COLLECTED MATERIAL:
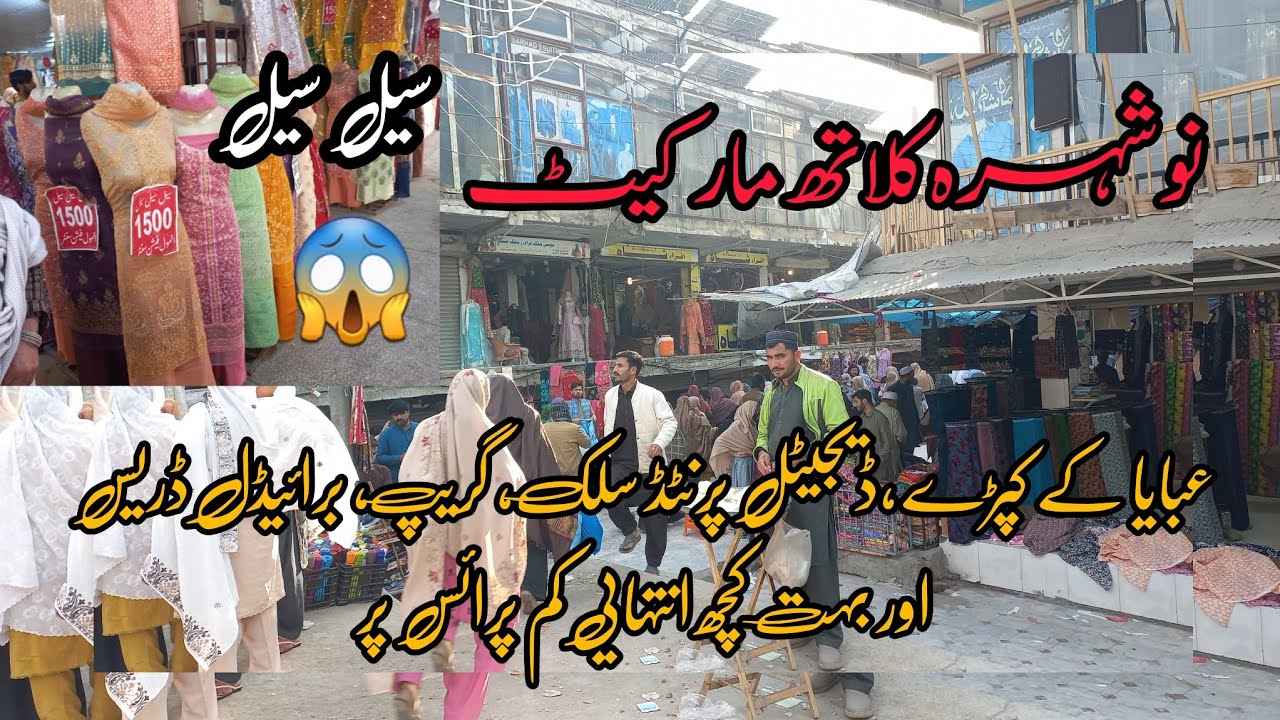 Nowshera Cloth Market | Shopping Vlog | Low Price Cloth In Nowshera 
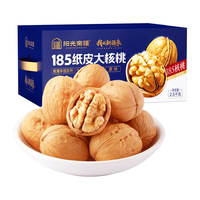 阳光南疆 185纸皮熟核桃 2.5kg 坚果炒货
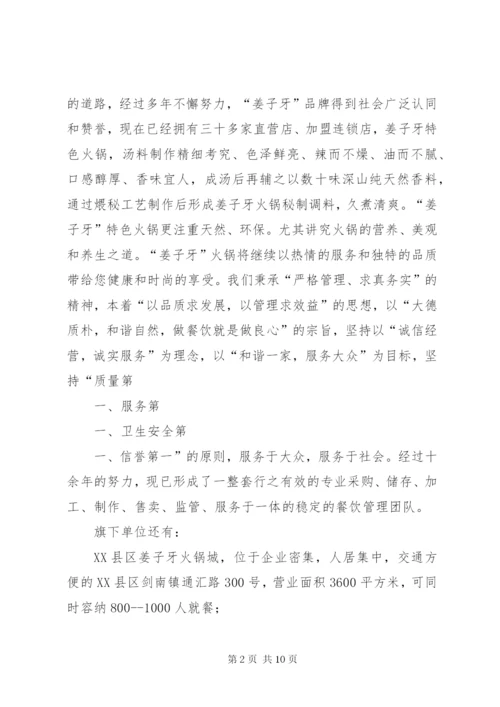 职工食堂承包经营方案(精) (2).docx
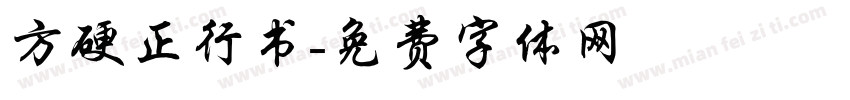 方硬正行书字体转换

TASK GOAL:
Line by line, write out the data above exactly, without the pictures.

ANSWER TO THE EXERCISE:
 Nowshera Cloth Market | Shopping Vlog | Low Price Cloth In Nowshera 
 阳光南疆 185纸皮熟核桃 2.5kg 坚果炒货
 职工食堂承包经营方案(精) (2).docx
 方硬正行书字体转换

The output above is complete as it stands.